- Supplied data
#####
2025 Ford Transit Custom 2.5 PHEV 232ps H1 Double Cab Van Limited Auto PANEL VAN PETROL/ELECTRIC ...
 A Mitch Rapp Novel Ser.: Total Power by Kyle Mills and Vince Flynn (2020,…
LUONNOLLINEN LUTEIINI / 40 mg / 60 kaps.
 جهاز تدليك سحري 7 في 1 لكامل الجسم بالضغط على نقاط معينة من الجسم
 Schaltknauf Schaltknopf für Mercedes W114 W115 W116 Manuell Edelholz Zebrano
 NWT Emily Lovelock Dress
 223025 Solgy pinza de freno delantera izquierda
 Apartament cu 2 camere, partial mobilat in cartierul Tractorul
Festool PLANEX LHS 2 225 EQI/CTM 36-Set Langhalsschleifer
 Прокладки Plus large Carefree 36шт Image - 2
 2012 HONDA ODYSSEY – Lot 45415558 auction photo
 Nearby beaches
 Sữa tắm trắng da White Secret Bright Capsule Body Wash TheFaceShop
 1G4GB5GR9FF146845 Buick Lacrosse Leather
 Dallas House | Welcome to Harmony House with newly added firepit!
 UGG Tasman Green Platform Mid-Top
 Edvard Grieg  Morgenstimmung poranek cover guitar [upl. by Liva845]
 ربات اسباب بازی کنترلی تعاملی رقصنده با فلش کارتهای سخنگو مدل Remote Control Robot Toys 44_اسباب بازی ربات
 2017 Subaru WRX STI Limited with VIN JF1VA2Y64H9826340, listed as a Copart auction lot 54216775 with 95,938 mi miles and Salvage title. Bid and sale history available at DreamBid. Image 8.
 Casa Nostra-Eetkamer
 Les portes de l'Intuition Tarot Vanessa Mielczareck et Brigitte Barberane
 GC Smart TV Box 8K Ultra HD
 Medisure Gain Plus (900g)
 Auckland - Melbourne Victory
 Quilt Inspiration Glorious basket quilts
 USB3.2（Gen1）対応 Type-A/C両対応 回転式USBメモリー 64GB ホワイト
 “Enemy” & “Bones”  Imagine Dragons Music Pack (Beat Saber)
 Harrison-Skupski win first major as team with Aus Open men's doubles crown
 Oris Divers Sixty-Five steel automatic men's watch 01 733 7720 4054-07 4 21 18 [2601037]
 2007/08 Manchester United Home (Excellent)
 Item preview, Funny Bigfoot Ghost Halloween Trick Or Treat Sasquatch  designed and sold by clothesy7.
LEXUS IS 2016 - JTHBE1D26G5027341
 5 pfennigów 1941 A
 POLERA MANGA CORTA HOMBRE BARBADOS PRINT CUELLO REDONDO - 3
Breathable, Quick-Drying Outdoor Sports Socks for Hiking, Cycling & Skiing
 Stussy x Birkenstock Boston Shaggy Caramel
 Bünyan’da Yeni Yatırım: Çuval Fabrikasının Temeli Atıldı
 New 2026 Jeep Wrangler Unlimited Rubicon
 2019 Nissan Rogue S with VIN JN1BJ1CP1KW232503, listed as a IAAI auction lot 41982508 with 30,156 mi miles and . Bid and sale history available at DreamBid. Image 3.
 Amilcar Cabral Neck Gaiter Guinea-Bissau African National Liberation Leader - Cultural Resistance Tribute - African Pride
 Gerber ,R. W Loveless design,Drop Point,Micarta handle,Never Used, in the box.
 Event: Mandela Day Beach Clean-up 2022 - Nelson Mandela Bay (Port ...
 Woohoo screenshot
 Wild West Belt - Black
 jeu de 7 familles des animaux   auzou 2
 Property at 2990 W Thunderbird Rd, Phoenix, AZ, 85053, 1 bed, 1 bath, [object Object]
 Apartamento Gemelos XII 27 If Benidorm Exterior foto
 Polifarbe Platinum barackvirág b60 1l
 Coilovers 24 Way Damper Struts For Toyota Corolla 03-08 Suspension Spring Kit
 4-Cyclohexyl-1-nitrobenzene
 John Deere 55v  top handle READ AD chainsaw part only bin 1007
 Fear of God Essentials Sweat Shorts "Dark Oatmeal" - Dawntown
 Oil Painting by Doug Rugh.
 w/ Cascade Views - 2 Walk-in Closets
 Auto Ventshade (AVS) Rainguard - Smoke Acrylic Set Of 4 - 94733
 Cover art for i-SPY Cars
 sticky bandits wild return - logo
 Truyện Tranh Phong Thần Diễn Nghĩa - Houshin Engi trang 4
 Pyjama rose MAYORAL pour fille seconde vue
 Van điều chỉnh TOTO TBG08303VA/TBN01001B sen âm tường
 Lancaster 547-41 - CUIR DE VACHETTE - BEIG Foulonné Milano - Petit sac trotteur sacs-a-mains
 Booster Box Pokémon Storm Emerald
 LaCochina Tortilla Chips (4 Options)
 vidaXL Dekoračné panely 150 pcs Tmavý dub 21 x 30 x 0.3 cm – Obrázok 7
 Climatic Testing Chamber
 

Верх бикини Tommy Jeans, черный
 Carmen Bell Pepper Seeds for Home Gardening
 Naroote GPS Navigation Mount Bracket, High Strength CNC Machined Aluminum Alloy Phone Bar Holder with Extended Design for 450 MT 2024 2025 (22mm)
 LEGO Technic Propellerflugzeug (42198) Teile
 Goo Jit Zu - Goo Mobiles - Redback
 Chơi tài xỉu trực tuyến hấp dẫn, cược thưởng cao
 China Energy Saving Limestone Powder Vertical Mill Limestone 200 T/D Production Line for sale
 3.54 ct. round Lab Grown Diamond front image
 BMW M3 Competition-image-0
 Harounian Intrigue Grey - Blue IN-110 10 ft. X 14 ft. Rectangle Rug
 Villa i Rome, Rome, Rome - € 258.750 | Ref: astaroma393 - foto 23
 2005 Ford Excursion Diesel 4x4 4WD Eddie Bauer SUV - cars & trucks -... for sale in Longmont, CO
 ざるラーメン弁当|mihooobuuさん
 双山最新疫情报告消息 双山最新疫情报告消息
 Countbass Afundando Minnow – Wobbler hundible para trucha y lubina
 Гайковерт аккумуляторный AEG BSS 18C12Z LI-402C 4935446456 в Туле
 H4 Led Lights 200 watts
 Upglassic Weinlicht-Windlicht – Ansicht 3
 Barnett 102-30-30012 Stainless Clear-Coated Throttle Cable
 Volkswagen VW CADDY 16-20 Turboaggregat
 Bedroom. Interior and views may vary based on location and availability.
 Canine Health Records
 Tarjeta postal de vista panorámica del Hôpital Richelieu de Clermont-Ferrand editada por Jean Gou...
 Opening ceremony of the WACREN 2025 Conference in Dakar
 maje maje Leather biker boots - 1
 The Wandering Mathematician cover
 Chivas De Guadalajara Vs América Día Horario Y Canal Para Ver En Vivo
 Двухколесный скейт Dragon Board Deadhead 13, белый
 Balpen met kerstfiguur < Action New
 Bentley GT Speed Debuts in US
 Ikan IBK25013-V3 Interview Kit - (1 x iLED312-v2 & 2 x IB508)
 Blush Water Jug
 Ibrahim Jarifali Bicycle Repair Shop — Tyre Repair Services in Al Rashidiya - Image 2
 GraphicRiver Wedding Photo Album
#####
- Task statement
Exactly as they appear, output the line holding "Chivas De Guadalajara" and all lines after it through the end of the listing above, and only those.

- Answer for the task
 Chivas De Guadalajara Vs América Día Horario Y Canal Para Ver En Vivo
 Двухколесный скейт Dragon Board Deadhead 13, белый
 Balpen met kerstfiguur < Action New
 Bentley GT Speed Debuts in US
 Ikan IBK25013-V3 Interview Kit - (1 x iLED312-v2 & 2 x IB508)
 Blush Water Jug
 Ibrahim Jarifali Bicycle Repair Shop — Tyre Repair Services in Al Rashidiya - Image 2
 GraphicRiver Wedding Photo Album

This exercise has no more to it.